= Beginning of Section =

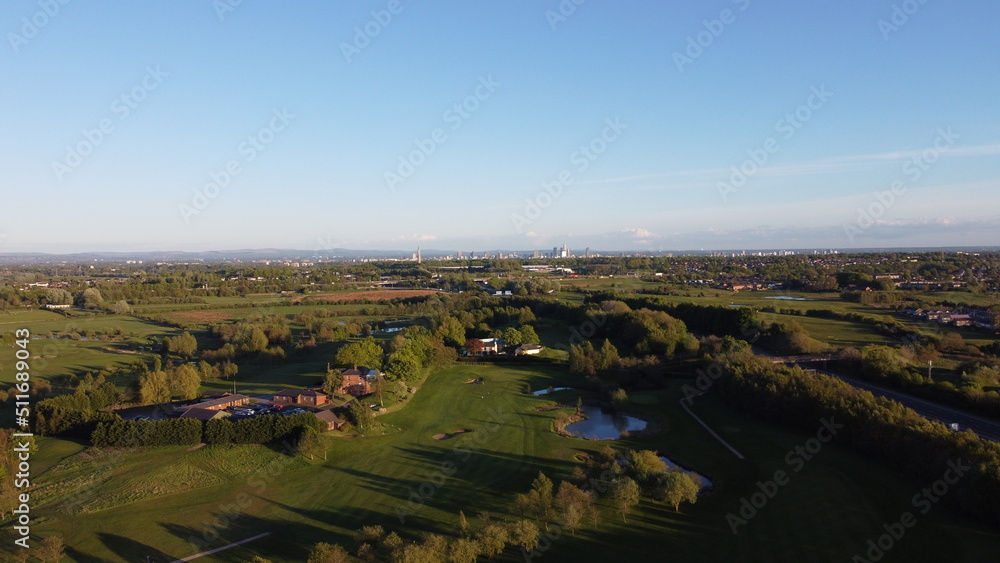 Aerial view looking down onto a golf course surrounded by green fields with the Manchester skyline in the distance. 
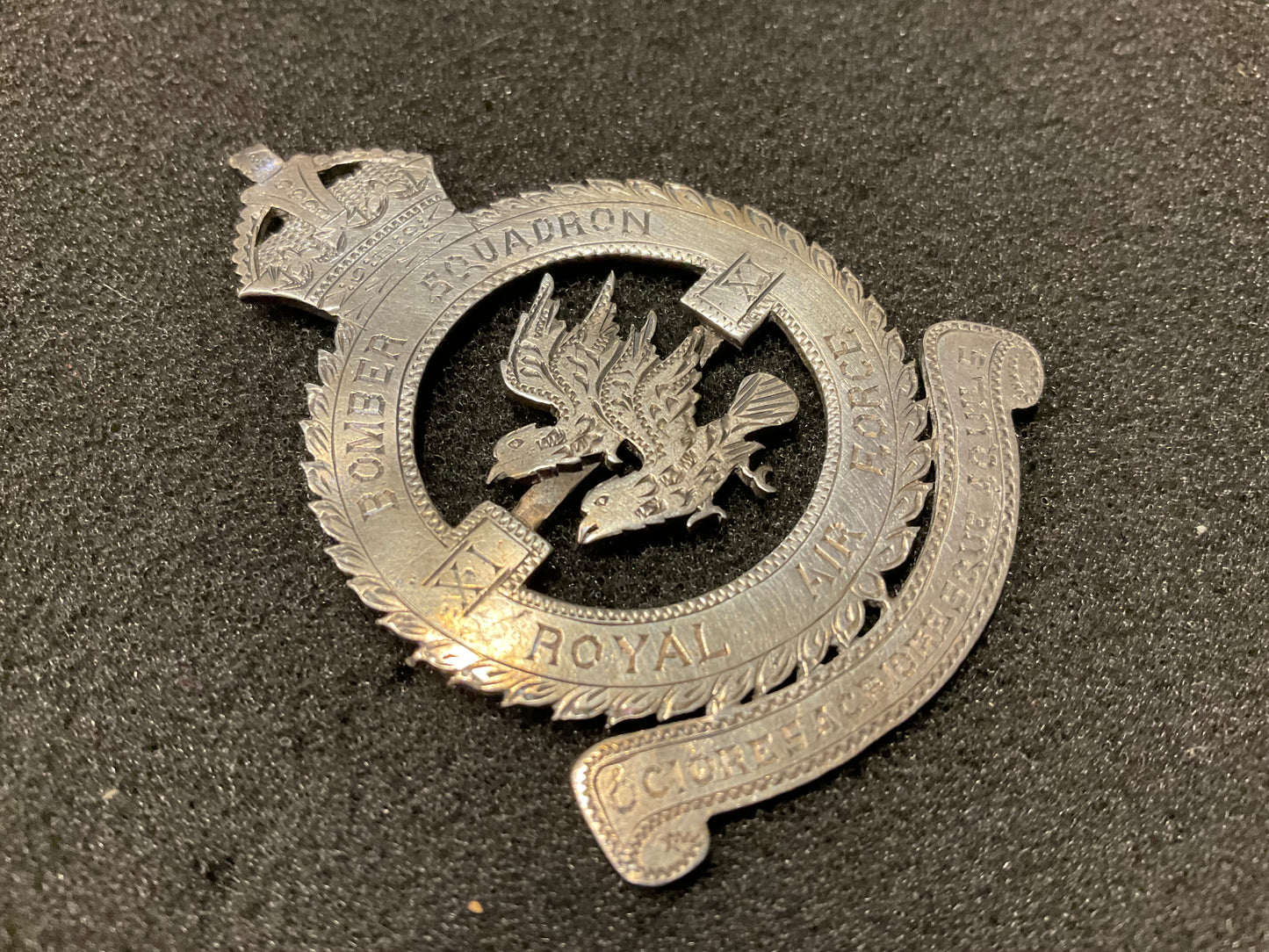 WW2 RAF No11 Bomber Squadron silver head dress badge ?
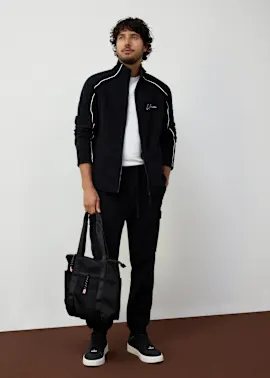Sportlicher Look mit schwarzer Trainingsjacke, weißem T-Shirt und passender Hose.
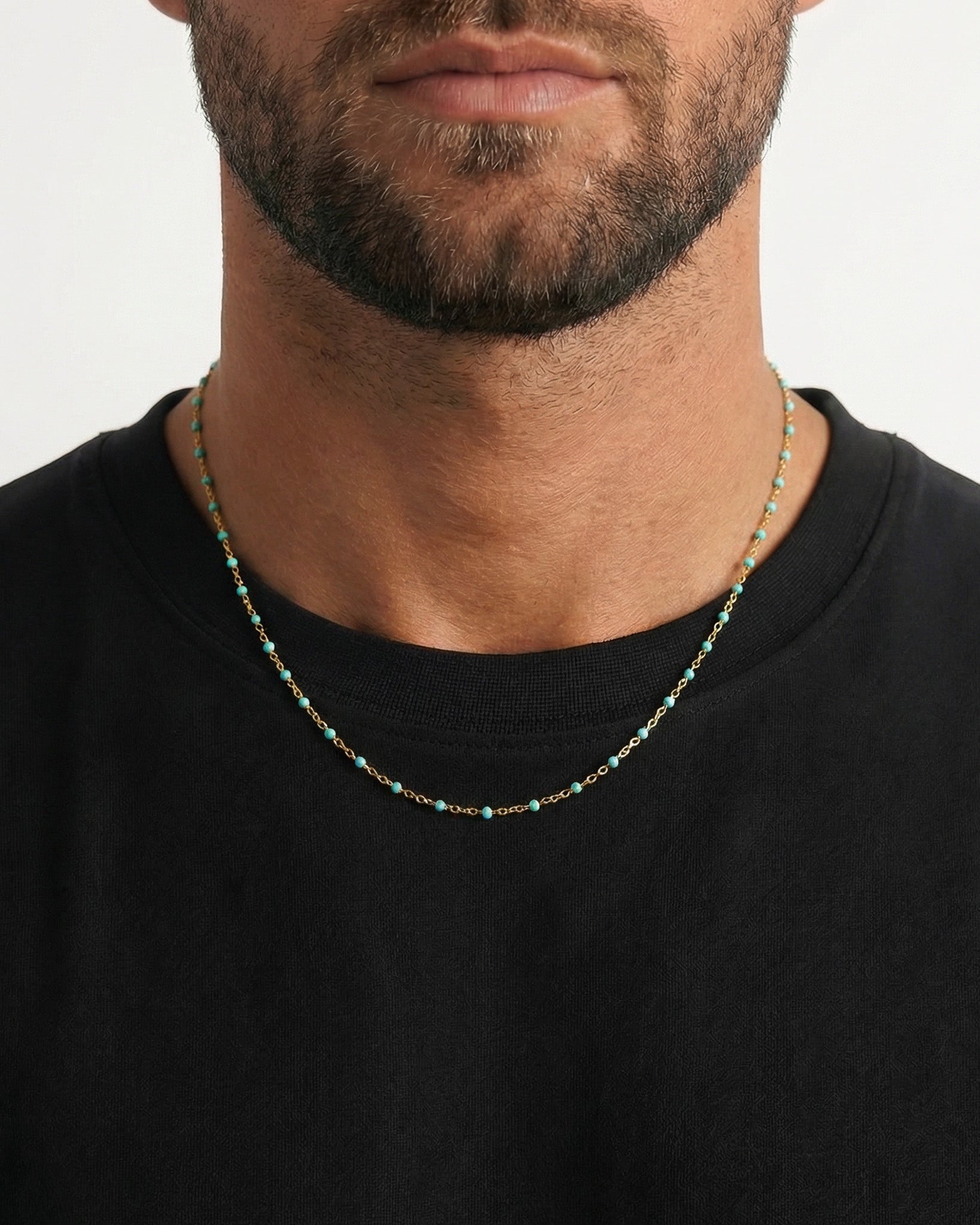 GEM Gold Chain with turquoise beads worn on a black shirt, close up of neck and chin.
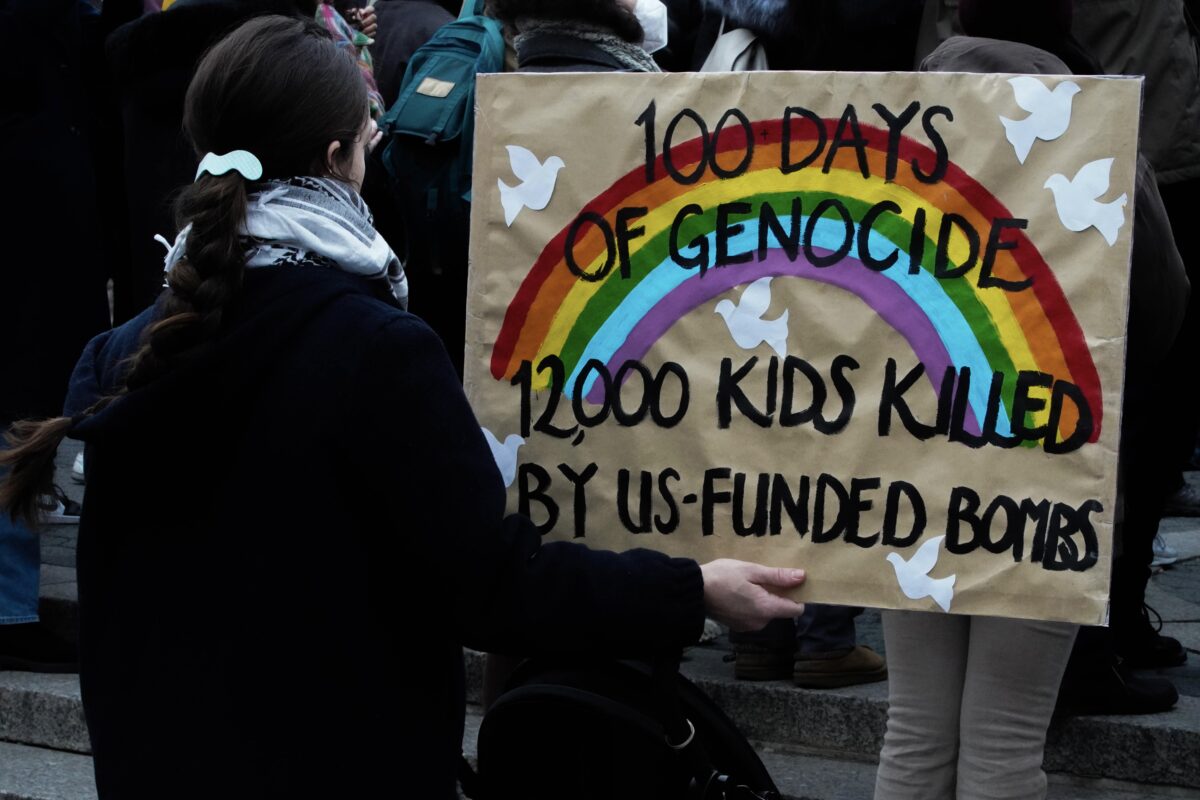 A woman with a braided ponytail wearing a keffiyeh and pushing a stroller and her child stands with her back facing the camera holding a large khaki sign decorated with white doves, a rainbow, and thin black letters reading “100 days on genocide 12,000 kids killed by us-funded bombs”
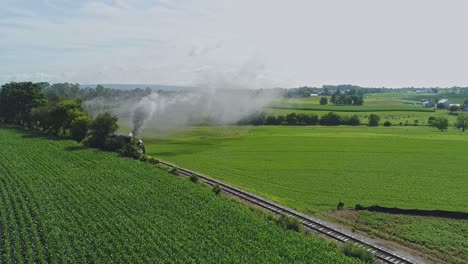 Eine-Luftaufnahme-Der-Landschaft-Von-Pennsylvania-Mit-Einer-Einzigen-Dampfmaschine,-Die-Sich-An-Einem-Sommermorgen-Mit-Rauch-Und-Dampf-Nähert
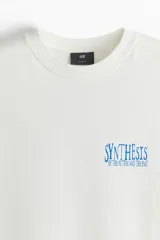 Remera blanca de algodón con cuello redondo y corte holgado. Estampa azul con la palabra 'SYNTHESIS' y texto inferior.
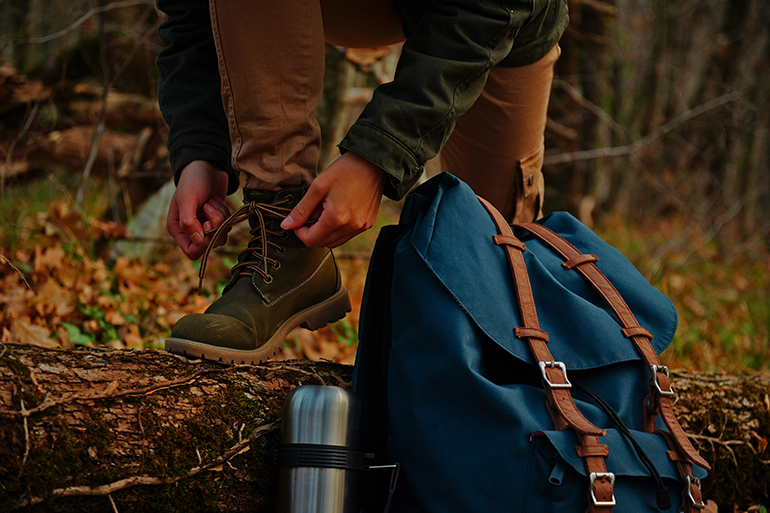 Female hiker tying shoelaces outdoors in autumn forest, near thermos and backpack. View of legs. Hiking and leisure theme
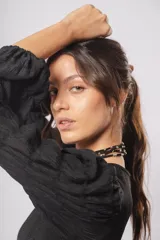 Vestido negro de cuello redondo, con mangas largas tipo globo y terminación elástica, confeccionado en dos telas combinadas.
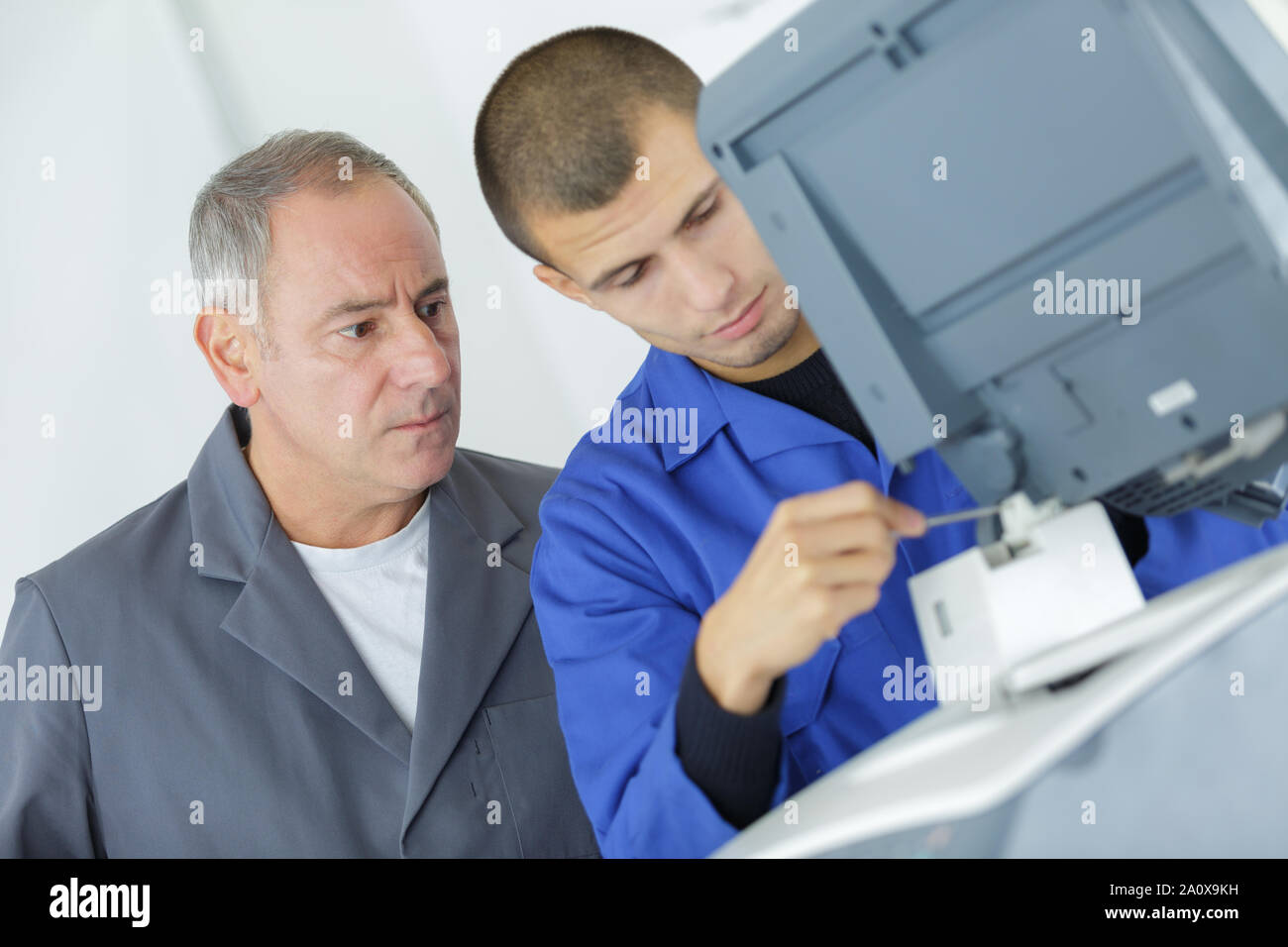 young apprentice fixing cartridge in photocopy machine Stock Photo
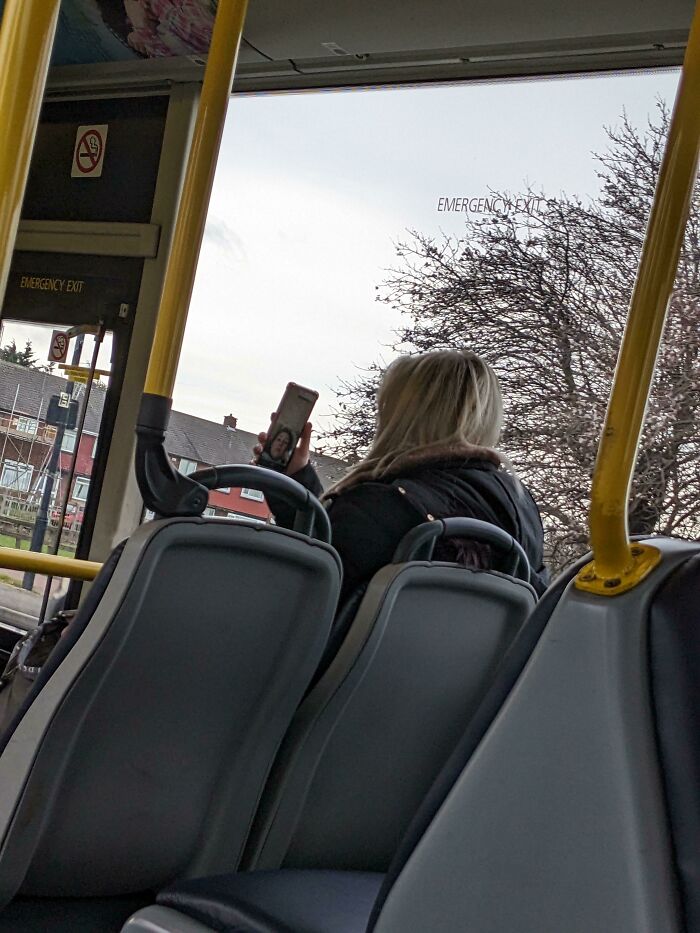 A passenger holding up her phone on a bus, capturing typical public transport interactions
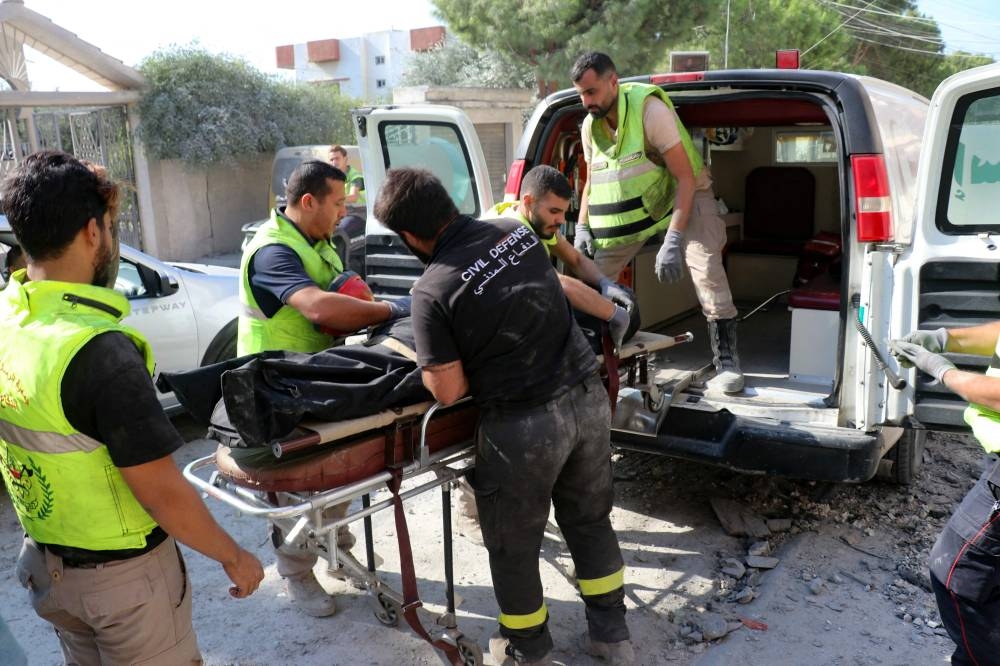 Rescuers with the Amal-linked Risala Scouts association evacuate the body of one of their colleagues, a day after an Israeli strike hit the organisation's headquarters in the southern Lebanese village of Deir Qanoun, reportedly killing at least six, on Sunday. AFP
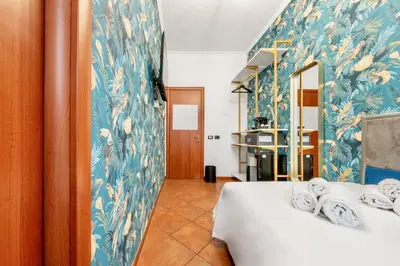 a room with two beds with blue and white wallpaper at Colosseo Relais in Rome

= End of Section =

--- Instructions to follow ---
Write out again, exactly, only the lines from the beginning of the material above to the line that holds "Sportlicher Look mit", both ends included, and no pictures.

--- Written answer ---
 Aerial view looking down onto a golf course surrounded by green fields with the Manchester skyline in the distance. 
 WW2 RAF No11 Bomber Squadron silver head dress badge ?
Sportlicher Look mit schwarzer Trainingsjacke, weißem T-Shirt und passender Hose.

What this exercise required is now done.